What you have to do: Only the lines from the one that contains "One Inch Lingam" through the end of the entries, both included, should be transcribed, exactly and without pictures.

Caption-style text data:
╭──

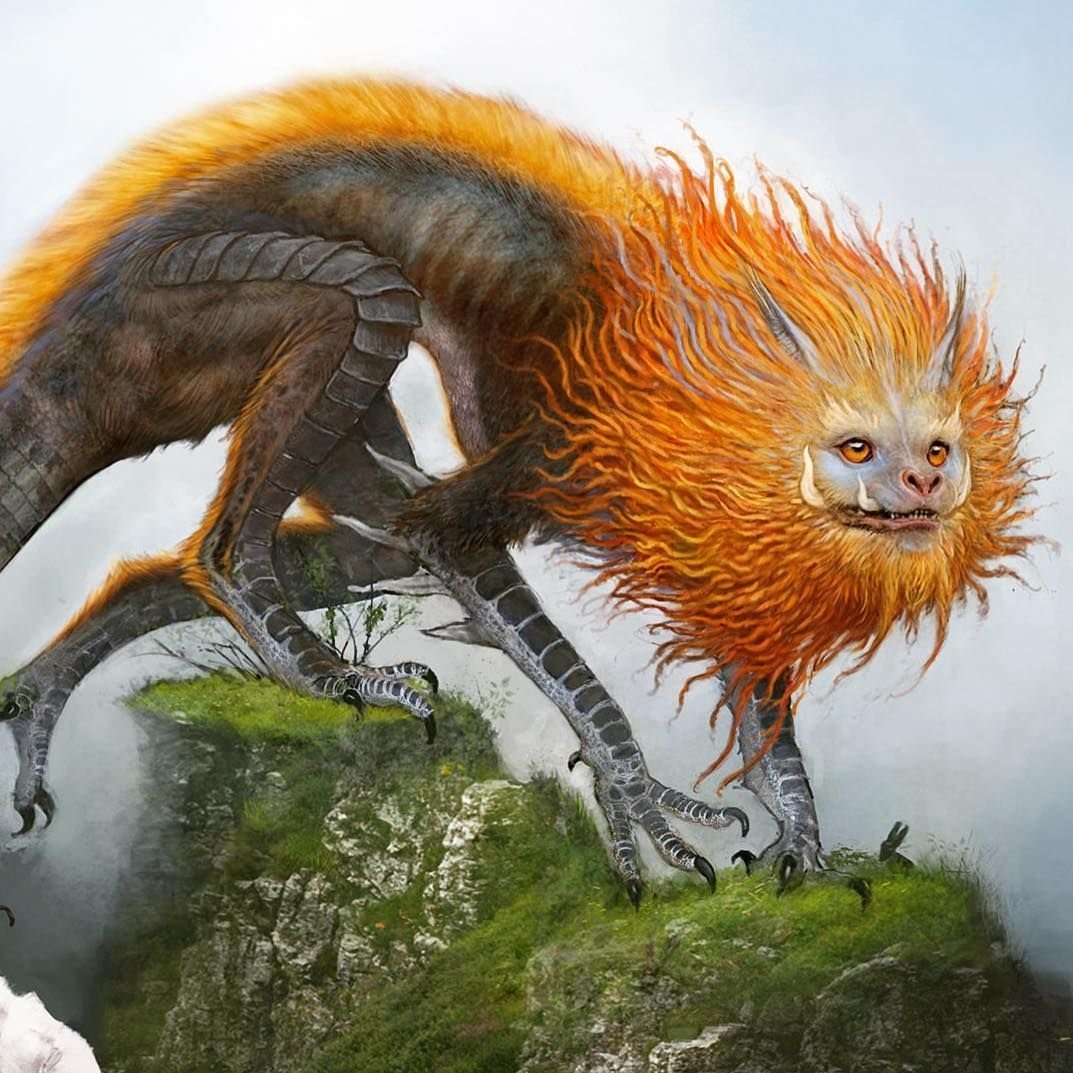 Мантикора Гарри Поттер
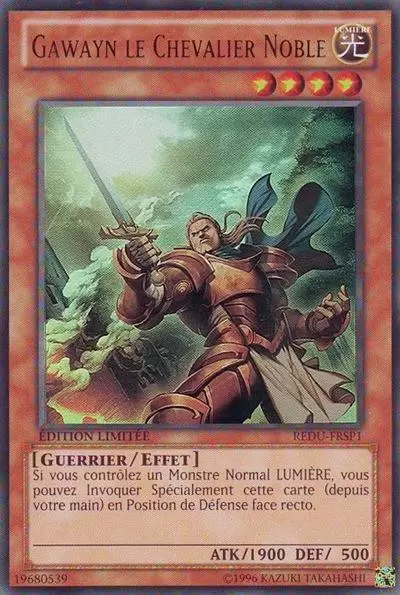 Le Retour du Duelliste REDU - Gawayn le Chevalier Noble
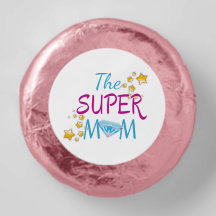 Comic Book Pop Art Superhero Mom Mother's Day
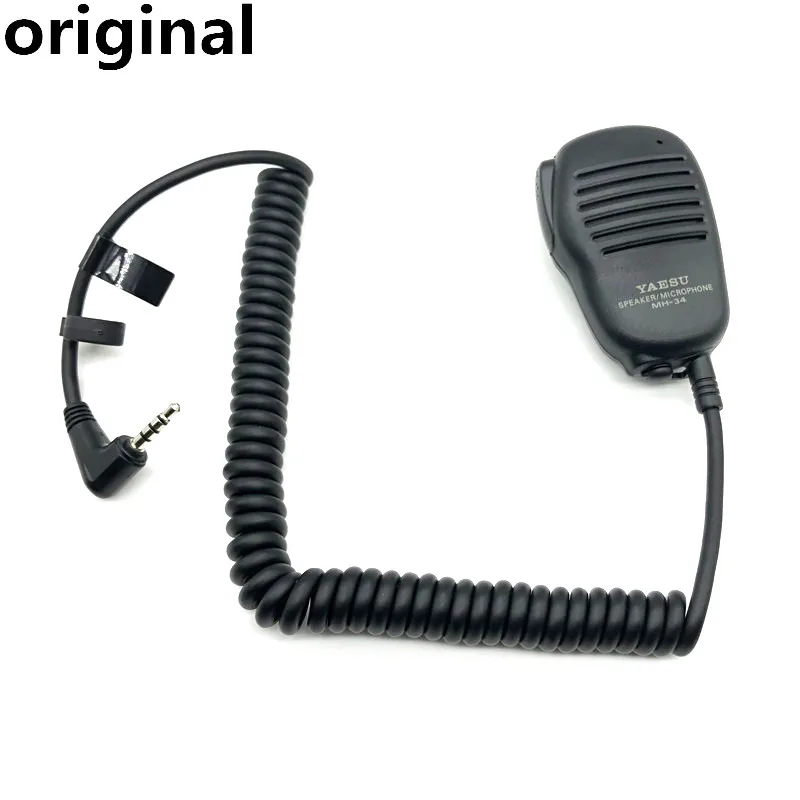 

MH-34B4B Microphone For YAESU VX-3R FT-60R FT1DR FT1XDR FT2DR FT-70DR HAM Radio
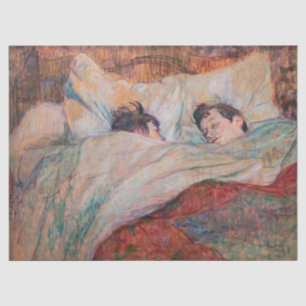 Papier Mousseline Toulouse-Lautrec - Le Lit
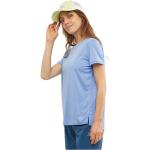 Salomon Outline Summer Short Sleeve T-shirt Blå L Kvinna
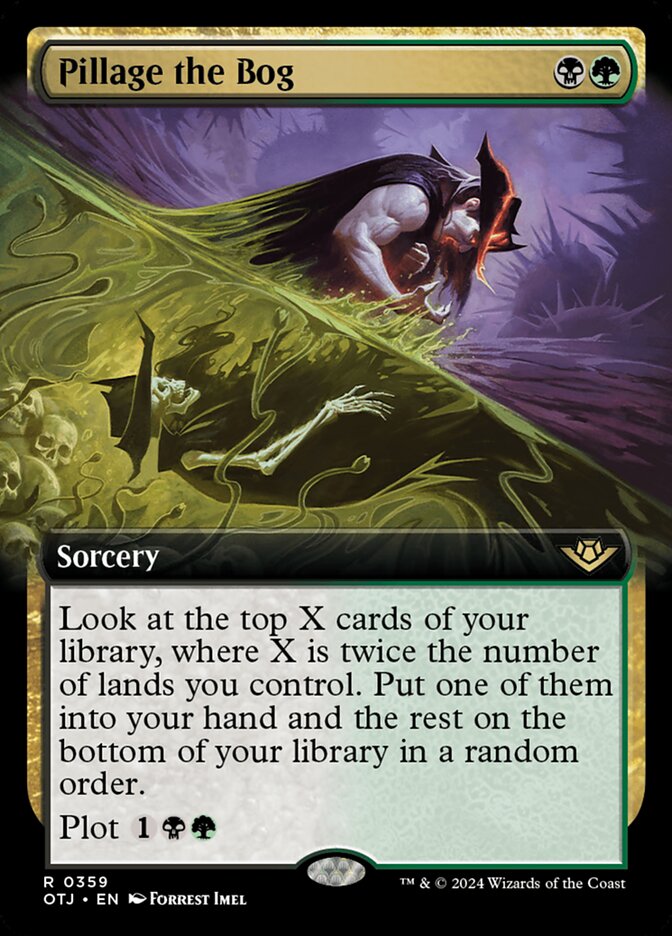 Pilhar o Charco / Pillage the Bog - Magic: The Gathering - MoxLand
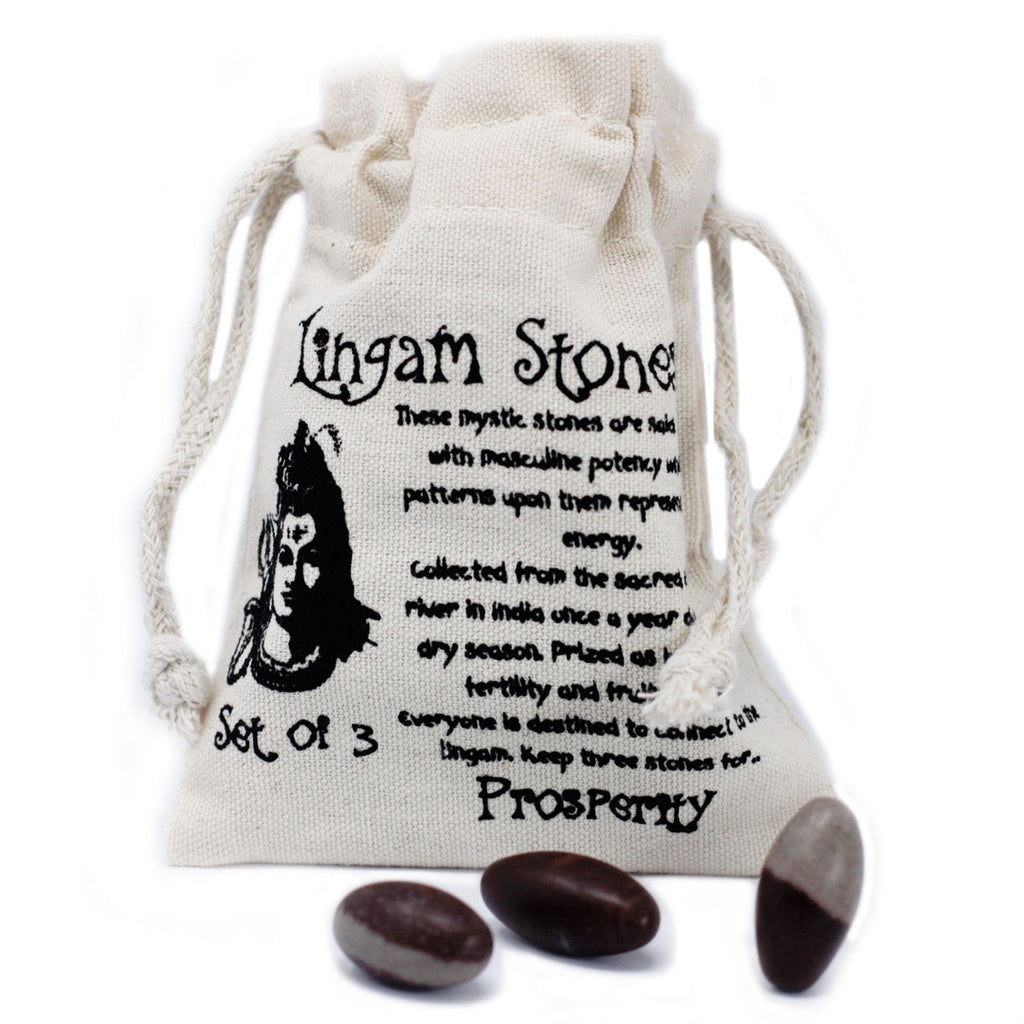 One Inch Lingam Stones for Sacred Spaces with Unique Features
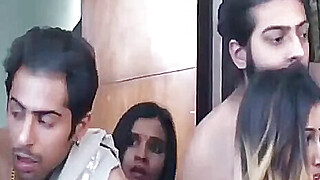 Desi Wife Swap With Dhongi Babaji Porn Video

╰──

Task answer:
 One Inch Lingam Stones for Sacred Spaces with Unique Features
 Desi Wife Swap With Dhongi Babaji Porn Video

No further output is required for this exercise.